**The data**
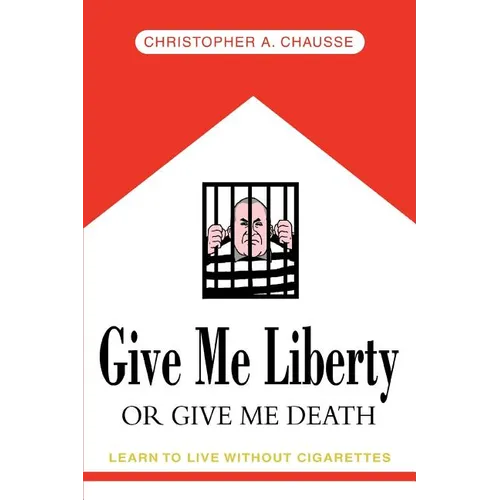 Give Me Liberty Or Give Me Death: Learn to live without cigarettes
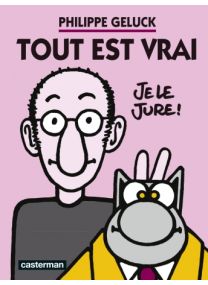 Tout est vrai - Casterman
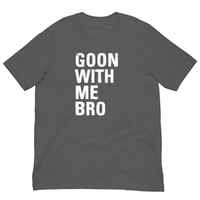 Image 3 of Goon With Me Bro T-Shirt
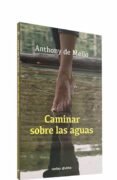 CAMINAR SOBRE LAS AGUAS de DE MELLO, ANTHONY 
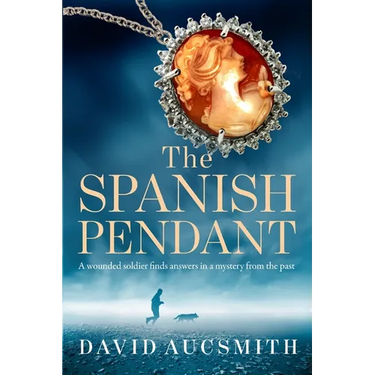 The Spanish Pendant: A wounded soldier finds answers in a mystery from the past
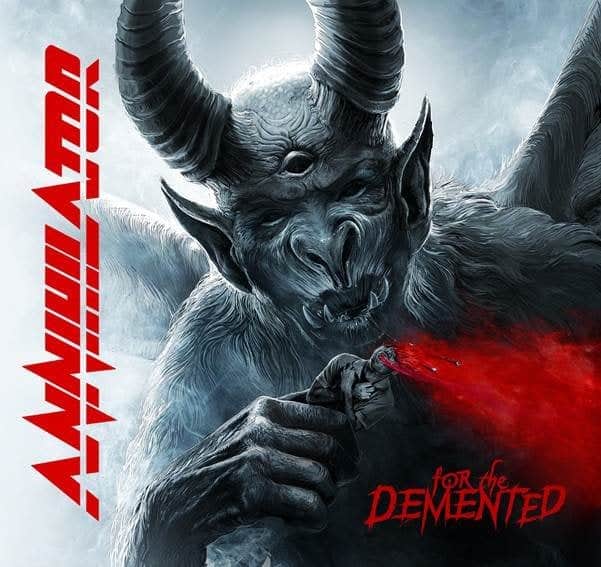 Annihilator -For the Demented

**What is required**
Repeat exactly the lines above, starting at the one that contains "Tout est vrai - Casterman" and stopping at the last line of the entries, and leave out the pictures.

**Solved problem**
 Tout est vrai - Casterman
 Image 3 of Goon With Me Bro T-Shirt
 CAMINAR SOBRE LAS AGUAS de DE MELLO, ANTHONY 
 The Spanish Pendant: A wounded soldier finds answers in a mystery from the past
 Annihilator -For the Demented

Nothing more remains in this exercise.